Туз пятой масти | страница 46



* * *

«Молодой и беспомощный» прежде всего оказался не таким молодым, а насчет его беспомощности я пока ничего сказать не могла. Понятие «молодежь» стало очень уж растяжимым. Понося молодежь направо и налево, подразумевают как сопляков подростков, так и людей за двадцать. Если же хвалят, то выясняется, что и тридцать с хвостиком тоже молодежь.

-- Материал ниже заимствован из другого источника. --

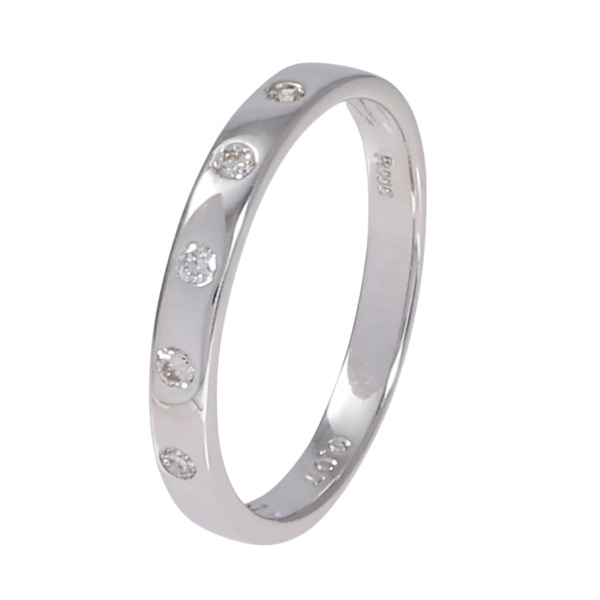 yukizakiselect ProperOther ユキザキセレクトジュエリー OTHER  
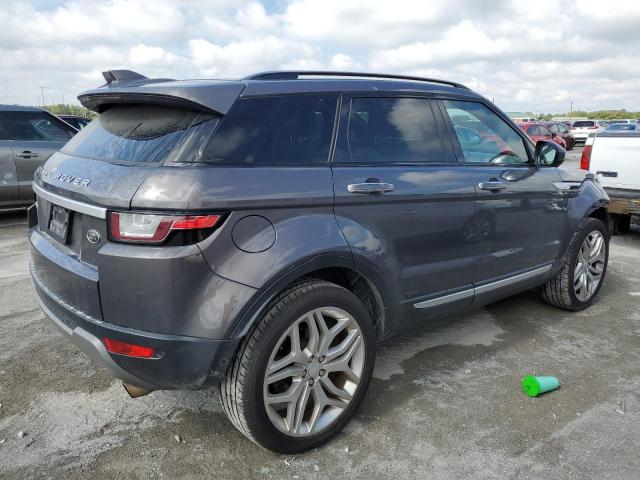 Photo 2 VIN: SALVR2BG7GH067684 - LAND ROVER RANGE ROVE 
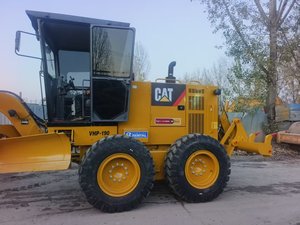 ใช้รถเกรดมอเตอร์140K เกรดรถมอเตอร์จากญี่ปุ่น140g 140H 140K - Product Image 4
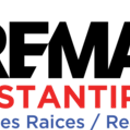 REMAX Instantips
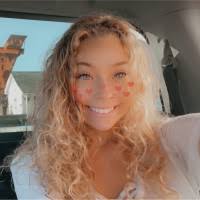 50+ "Jarema" profiles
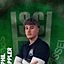 Phil Kappler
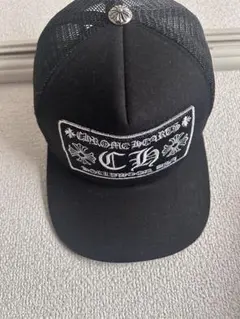 Item thumbnail for item 62ffda38-0f5d-4a24-b3e2-7c5087d52f5a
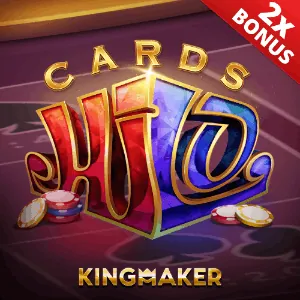 7game App showcasing various game features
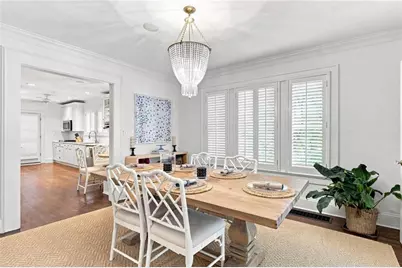 616 E Paces Ferry Road NE, Atlanta, GA 30305 - Photo 13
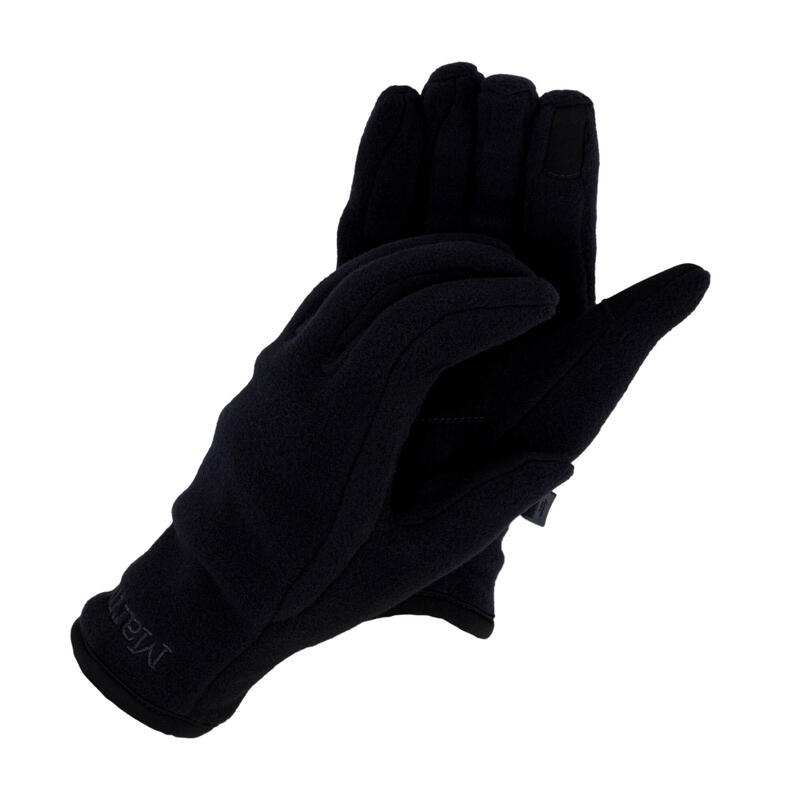 Gants de trekking Marmot Rocklin Fleece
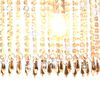 Produktminiatyrbild 8 av 8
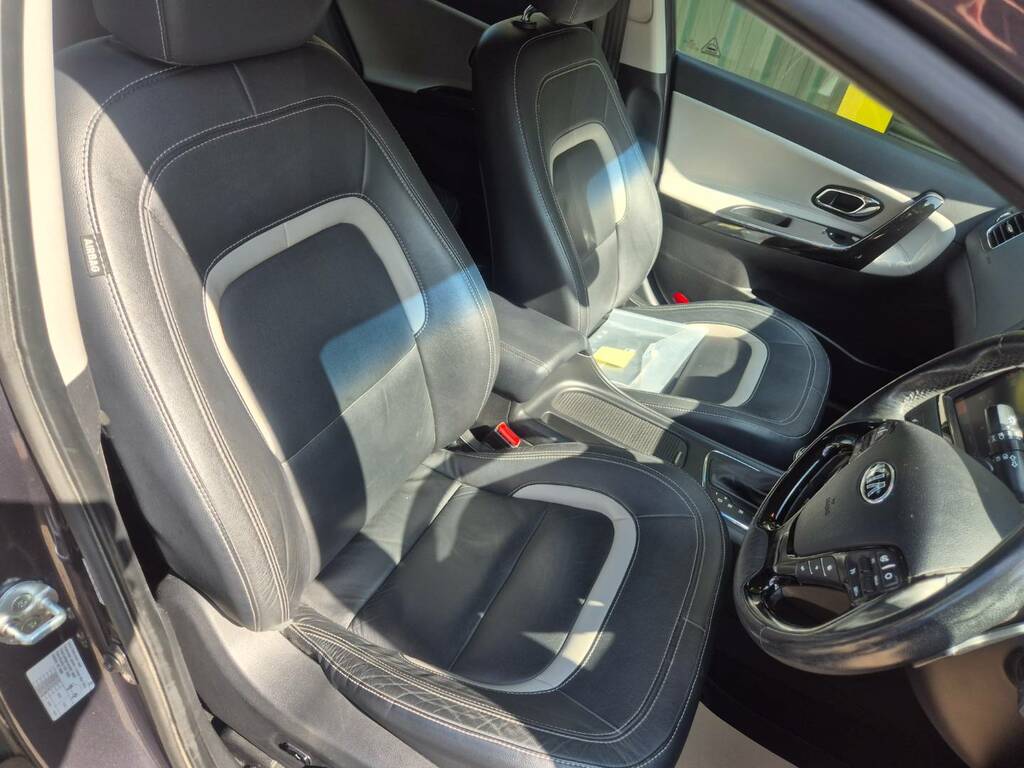 Kia Ceed 1.6 Gdi Ecodynamics 2 Euro 5 Ss  #17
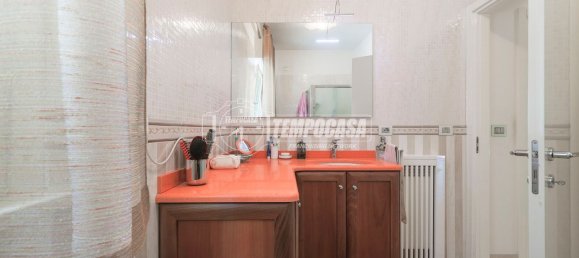 3 bedrooms Apartment in Misano Adriatico, Italy No. 327839 20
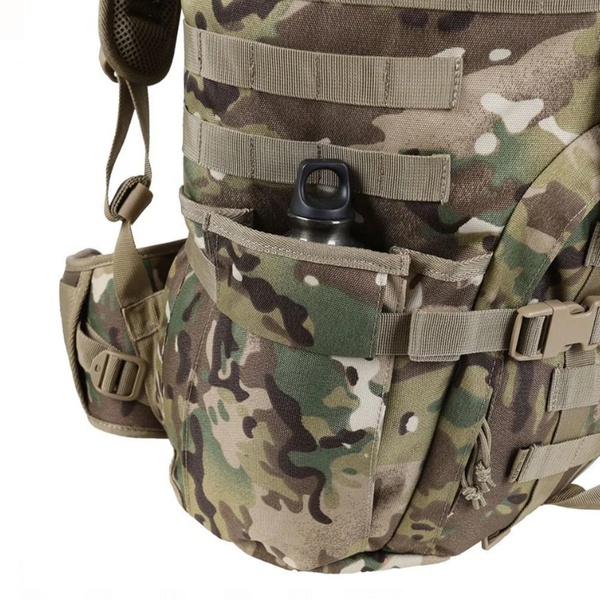 Рюкзак Сплав Raptor 100 multipat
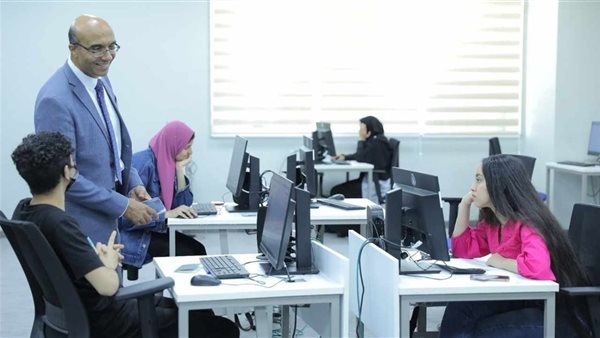 نتيجة تنسيق المرحلة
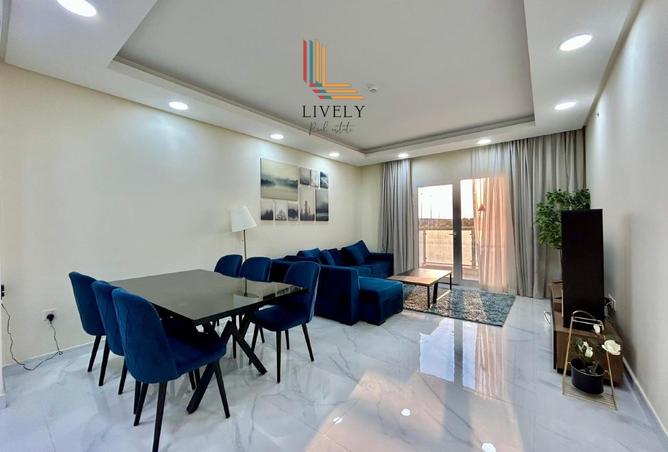 51476122 - Property Image 2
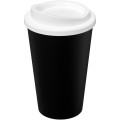 Americano® 350 ml insulated tumbler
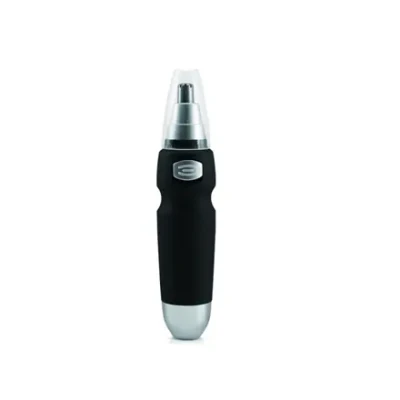 Tristar  |  Nose and ear trimmer  |  TR-2571  |  Nose and ear trimmer  |  Black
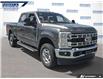 2026 Ford F-250 XLT (Stk: 28867) in Dartmouth - Image 6 of 24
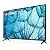 LG LM570B 32-inch HDR HD Smart LED TV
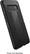 Alt View 14. Speck - Presidio Glossy Grip Case for Samsung Galaxy S10+ - Black.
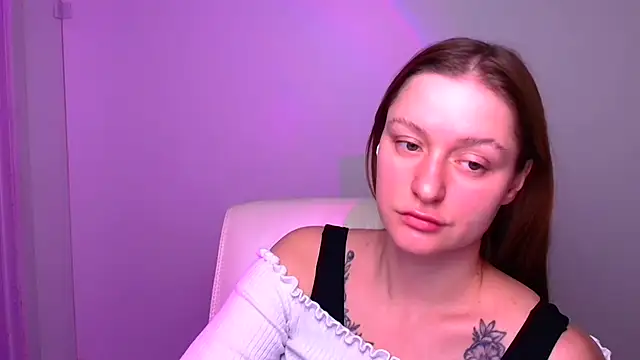 Fantasy July online show from 9, 12, 2024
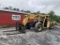 2008 CATERPILLAR TL943 TELEHANDLER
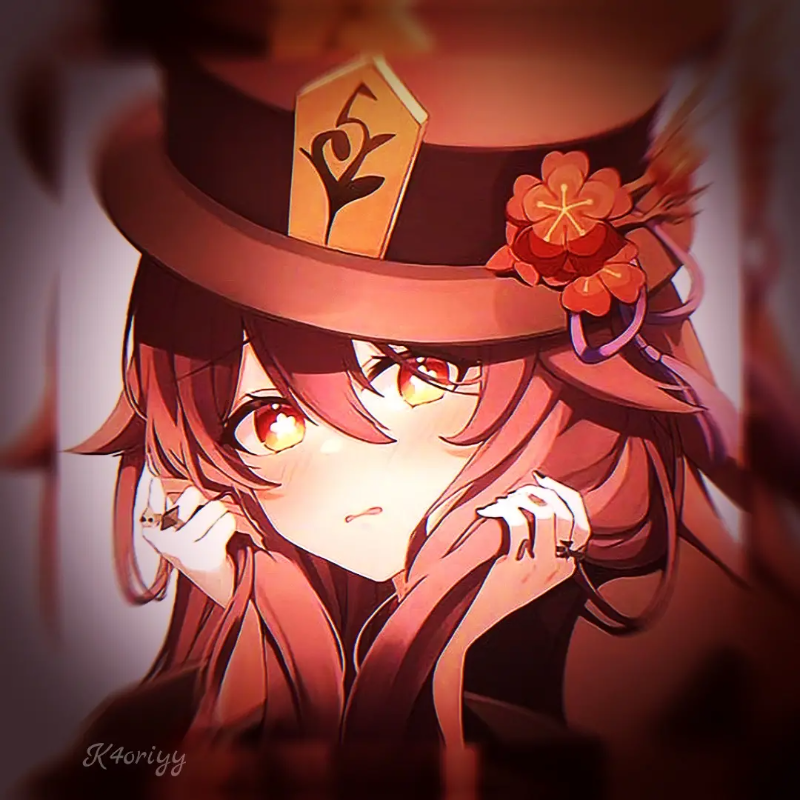 Avatar of Ken_cool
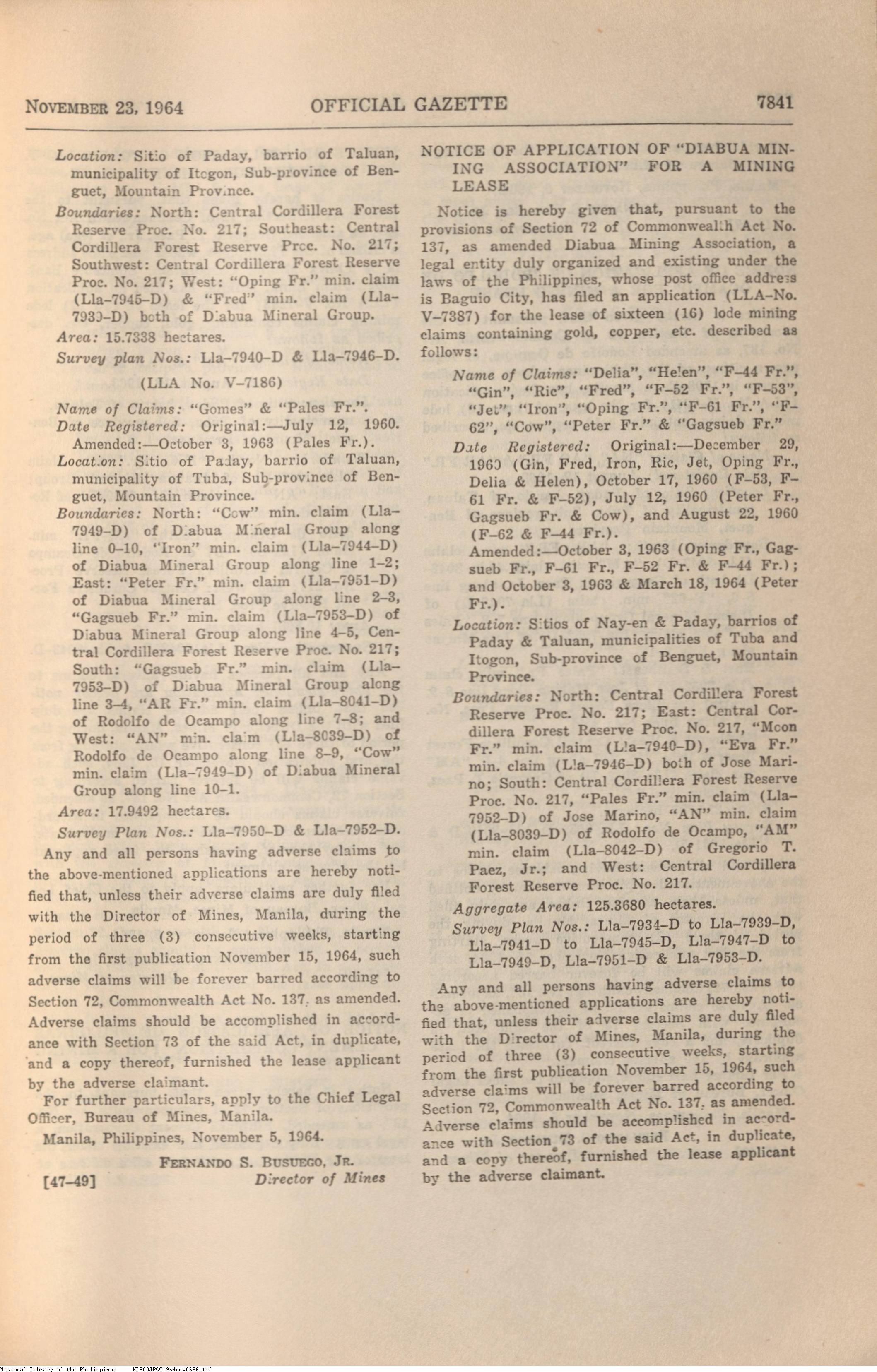 125 
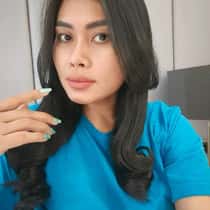 Mey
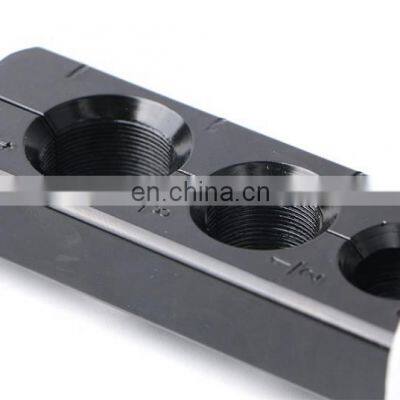 Pipe Swaging Hand Tool Copper Pipe Swaging Tool For Copper Tube CT-806 photo-4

Казимежа Омеровича никак к молодежи не причислить, он явный переросток. Ему уже тридцать пять, хотя никто столько не даст.

Я не смогла скрыть изумления, открыв его паспорт (художника пришлось прописать у нас).

– Несерьезно я выгляжу, правда? – улыбнулся он, заметив мое удивление. – И ничего с этим поделать не могу!

Но выглядеть на свой возраст он явно не стремился. Потрепанные джинсы, спортивная куртка поверх цветастой клетчатой рубашки – он был очень хорош собой и казался лет на пять-шесть старше Доротки.

Молодой художник! Может быть, в этой профессии тридцать пять еще молодость или считается не возраст, а творческая зрелость?

Или ему на самом деле двадцать с небольшим, а паспорт чужой. Фальшивка, куда вклеили его фотографию.

Прежде чем вернуть паспорт, я внимательно изучила документ. На первый взгляд все в полном порядке.

Омерович въехал в дом за несколько дней до моих именин. Несмотря на ужасное настроение, избежать нашествия гостей и банкета было невозможно. Люди, знакомые с нами много лет, знали, что в этот день наш дом открыт, а они – желанные гости.

Да и кто удержал бы Анелю от торжественных приготовлений! Она сговорилась с домработницей Винярских. Если кто-нибудь из нас устраивал семейные торжества, женщины помогали друг другу по-соседски.

Анеля командовала парадом и запрягла в работу даже Дороту, как та ни отлынивала. Адама, естественно, отправили за ветчиной: по мнению Анели, продавщицы жалеют мужчин и стараются отрезать им кусочек получше.

Я пригласила на ужин и Омеровича. Не говоря уже обо всем остальном, неловко было бы оставить его сидеть в одиночестве на втором этаже. Приглашение он принял с нескрываемой радостью, а утром в день именин принес охапку бледно-золотистых роз на невообразимо длинных стеблях. Скрупулезная Анеля, расставляя их в вазах, насчитала тридцать три штуки.

Вечером Омерович произвел фурор. Он вел себя безукоризненно, пил очень умеренно. Живой, остроумный, но не развязный, он особенно понравился дамам.

Художник появился в романтически-небрежном костюме из темно-фиолетового велюра. Пиджак больше напоминал венгерку, воротничок светло-лиловой рубашки подвязан бархатным галстуком-бабочкой.